## How to complete this task
Exclude the pictures and reproduce exactly the lines that run from the one holding "Дорожный набор Victorinox" to the end of the entries below.

Dataset excerpts:
====

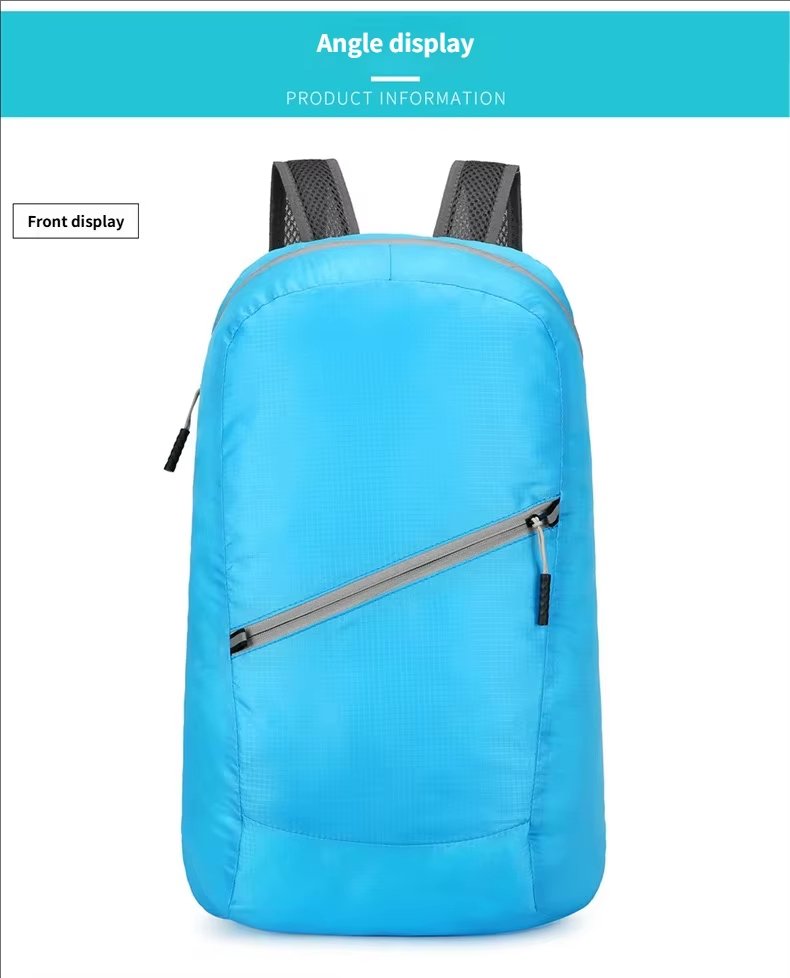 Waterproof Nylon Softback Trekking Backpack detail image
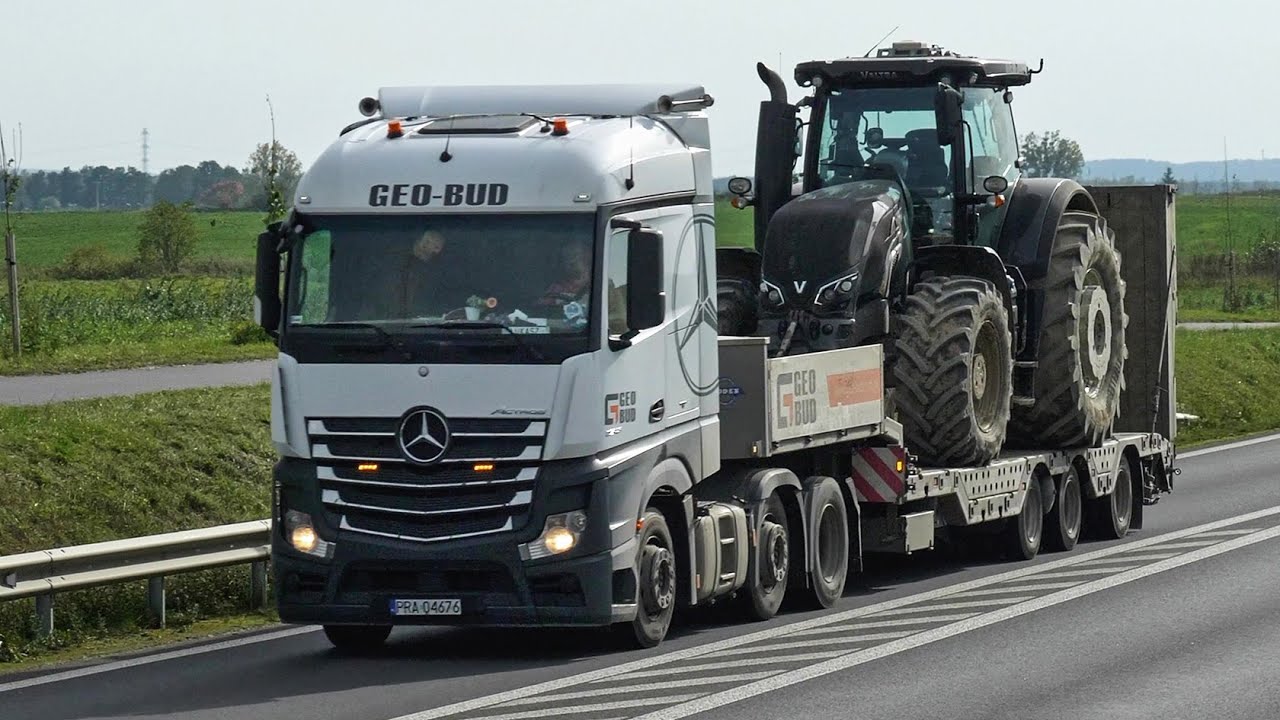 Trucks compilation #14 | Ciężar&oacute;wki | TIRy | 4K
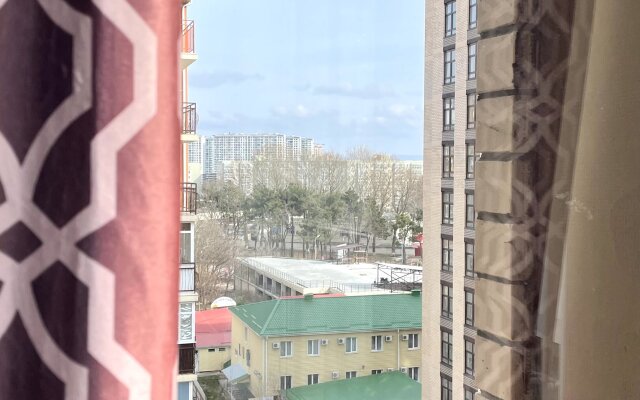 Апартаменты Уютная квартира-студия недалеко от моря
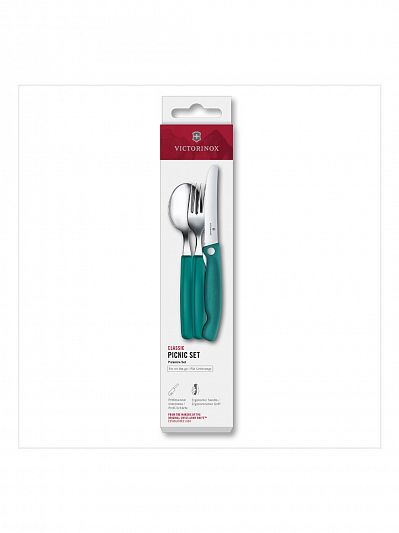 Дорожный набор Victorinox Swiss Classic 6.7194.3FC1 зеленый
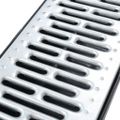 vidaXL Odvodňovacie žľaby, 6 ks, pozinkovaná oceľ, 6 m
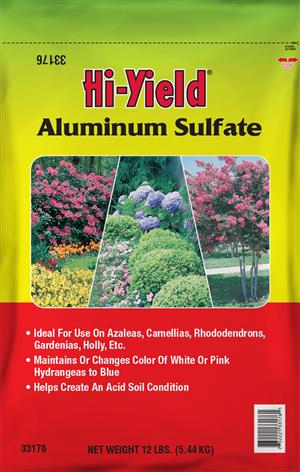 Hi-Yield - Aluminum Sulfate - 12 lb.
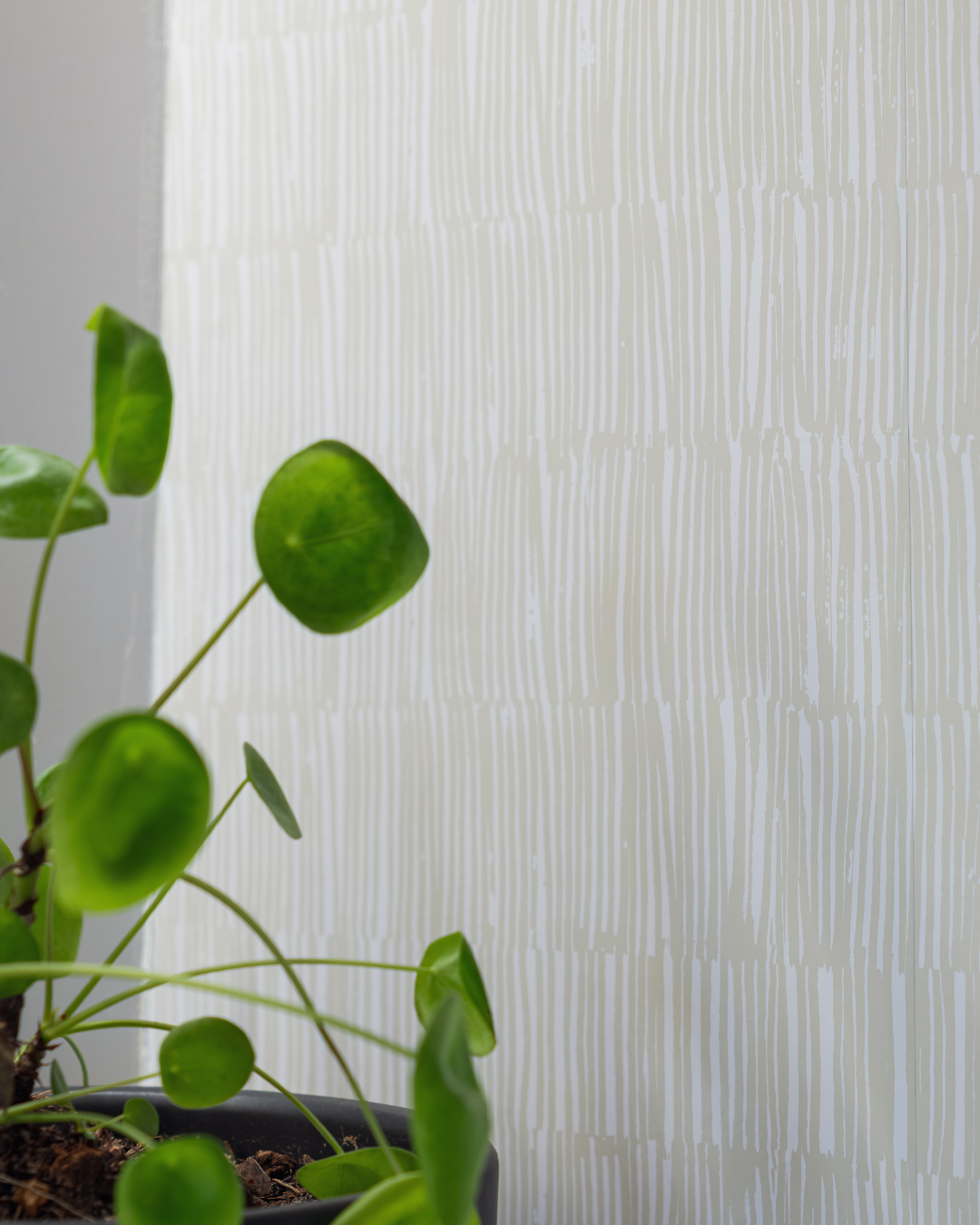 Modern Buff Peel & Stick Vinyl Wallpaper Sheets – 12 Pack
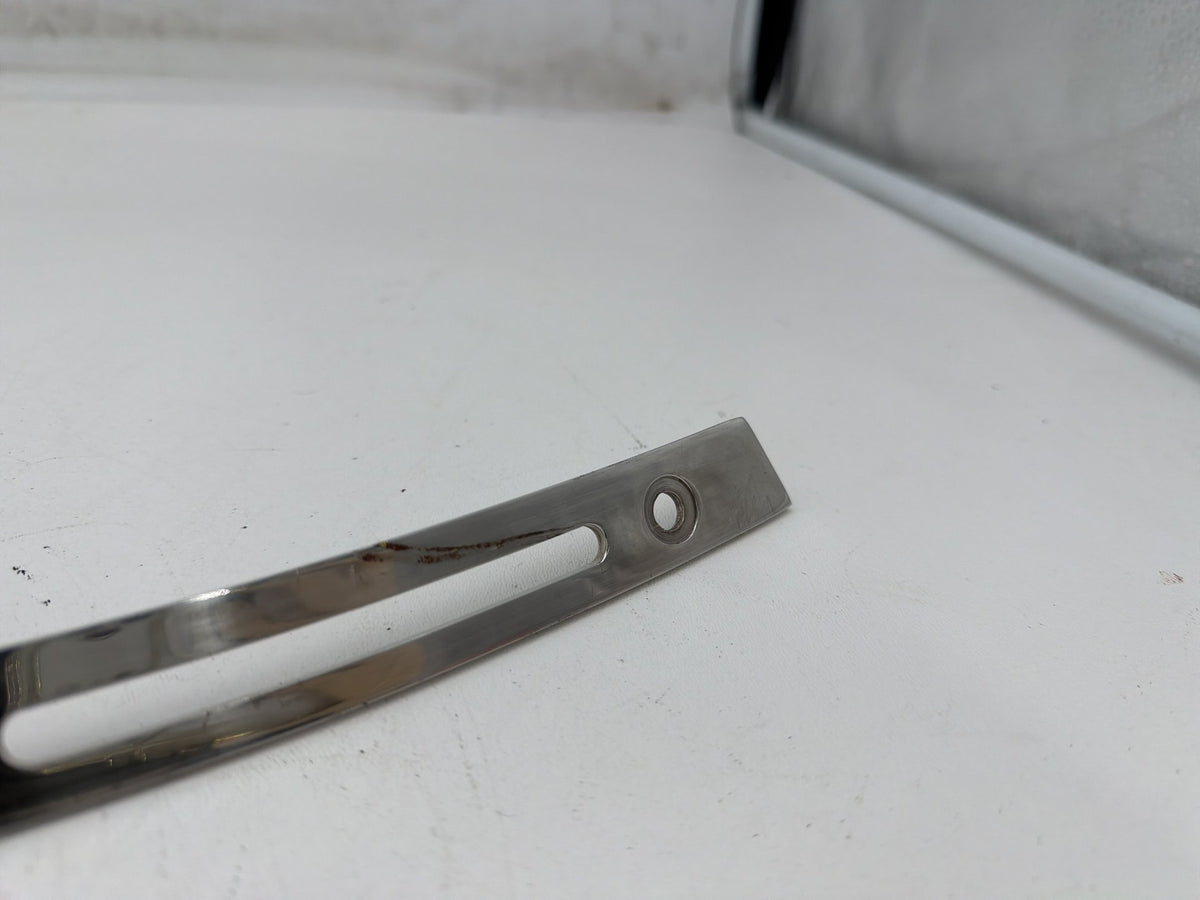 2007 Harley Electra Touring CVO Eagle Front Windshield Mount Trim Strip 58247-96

====

## Output for this exercise
 Дорожный набор Victorinox Swiss Classic 6.7194.3FC1 зеленый
 vidaXL Odvodňovacie žľaby, 6 ks, pozinkovaná oceľ, 6 m
 Hi-Yield - Aluminum Sulfate - 12 lb.
 Modern Buff Peel & Stick Vinyl Wallpaper Sheets – 12 Pack
 2007 Harley Electra Touring CVO Eagle Front Windshield Mount Trim Strip 58247-96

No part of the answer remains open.